Work in progress from Mike Leigh

Director Mike Leigh is renowned for making movies the hard way, as he tells Alison Jones.
Film maker Mike Leigh is notorious for his lengthy collaborations with actors.
Script and characters are literally a blank page at the start of the story-telling process, the words to be thrashed out through improvisation, the backgrounds meticulously researched over many months.
Even regular collaborators, like actor Jim Broadbent, say the experience, though rewarding, is too intense for him to contemplate working on back-to-back projects with Leigh.
What might not be so well known is that Leigh developed his singular method of working while at the Mac back in the mid-60s.
“I went to work in the Midland Arts Centre in Birmingham when it opened in 1965 and had the opportunity to start doing what I’d realised was what I wanted to experiment with – that writing and rehearsal could potentially be part of the same process,” explains Leigh.
“If I wrote scripts conventionally I’d sit in a room with a pen and paper or a word processor and I’d improvise onto it, then I would put order to it, then I would get actors to do it.
“I shift the whole process so I collaborate with the actors and create an environment in which they, once we have created the characters, then improvise and we explore situations and bring into existence the whole of the film.
“The journey of making the film is the journey of discovery as to what the film is.”
It means that, when they sign up for a Mike Leigh movie, his stars know next-to-nothing about it.

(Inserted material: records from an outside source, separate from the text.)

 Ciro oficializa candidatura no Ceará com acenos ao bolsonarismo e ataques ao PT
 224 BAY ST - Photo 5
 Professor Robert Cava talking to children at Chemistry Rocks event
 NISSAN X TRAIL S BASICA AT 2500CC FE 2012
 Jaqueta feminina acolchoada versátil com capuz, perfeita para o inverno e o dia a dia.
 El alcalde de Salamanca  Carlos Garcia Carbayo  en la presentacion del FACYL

Not the dialogue, not the plot structure, nor where their character fits into the grand scheme of things.
It is an approach that demands they place a great deal of trust in their director.
But with a back catalogue that includes such acclaimed films as Secrets and Lies, Vera Drake, Life is Sweet, Topsy-Turvy, Naked and Happy Go Lucky, as well as the Plays for Today series that includes Nuts in May and the near iconic Abigail’s Party, it is trust that is usually amply rewarded.
“They know that, broadly speaking, I know what I am doing or, if I don’t, own up to it. It is a mutual thing.
‘‘We go on this shared adventure together and it is very, very dangerous. It is a serious, dangerous, confronting, thorough experience.
“That being the case it is a very rich experience for everybody.”
He allows himself and his cast the luxury of an extraordinary amount of time to work on the project before the cameras even start rolling.
He acknowledges it is not a method that would sit well in Hollywood where he describes film-making as “an industrial process where everything is predetermined and pre-packaged”.
However, he feels it is far more rooted in the tradition of performance and, indeed, cinema.
“Long before anybody ever wrote down the script of a play, people were making drama in the way that I do.
“It is how films were made universally before the talkies came in. In the days of silent cinema people went out and created stuff. They got up every day and said ‘what shall we make up today?’ basically.”